I love to dance, and have fallen in love with contact improvisation (CI) – a playful, physical and energetic dialogue between two (or more) moving bodies. Contact improvisation originated in the  United States in 1972. It was developed by dancer and choreographer Steve Paxton, drawing on influences from modern dance, aikido, and somatic practices.

 

From my experience, it's taught me trust, grounding, deep listening, and creative awareness through touch, gravity, momentum, and shared connection. Of course, having a curiosity and a willingness to move in new and interesting ways helps.

 

This dance form was recommended to me by a fellow movement practitioner while on my level 2 Kundalini Yoga residency in Germany in 2018. I became curious to explore how dance, somatic movement, and kundalini might share common ground.

 

When I returned to Scotland, I took my first steps into a contact improvisation ‘jam’. I felt very much out of my comfort zone. Engaging with unfamiliar bodies and getting up close was not part of my usual repertoire. It took just one session for all that to change. 

The Edinburgh CI community welcomed me warmly and demonstrated a few basic principles around a rolling point of contact and how to safely enter the dance.

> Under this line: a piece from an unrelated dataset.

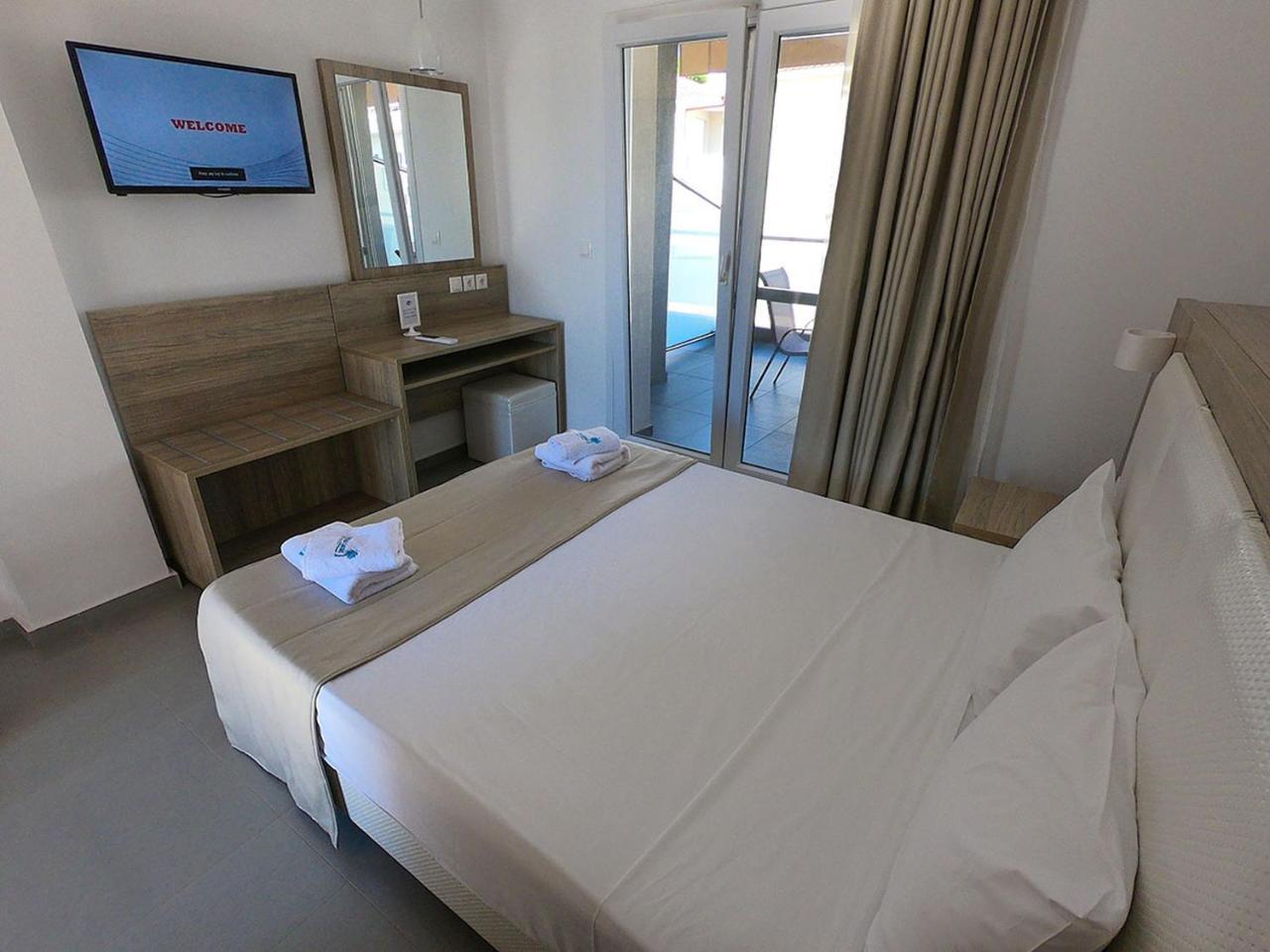 Finikas Garden Beach Resort Nikiti エクステリア 写真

From then on, I found a new felt sense of freedom from within. An ability to express parts of me that had somehow become masked over time. An unfolding of deep layers.

 

I searched out the CI community in Glasgow, The Glasgow Jam, which back then was a small group of around half a dozen regulars running as a not-for-profit dance collective. I now volunteer my time to help organise and facilitate events for The Glasgow Jam. The community has grown considerably over the past few years, sharing our love for dance and social connection, without barriers.

 

Those tentative steps into contact improvisation have led me to seek out and explore other movement forms.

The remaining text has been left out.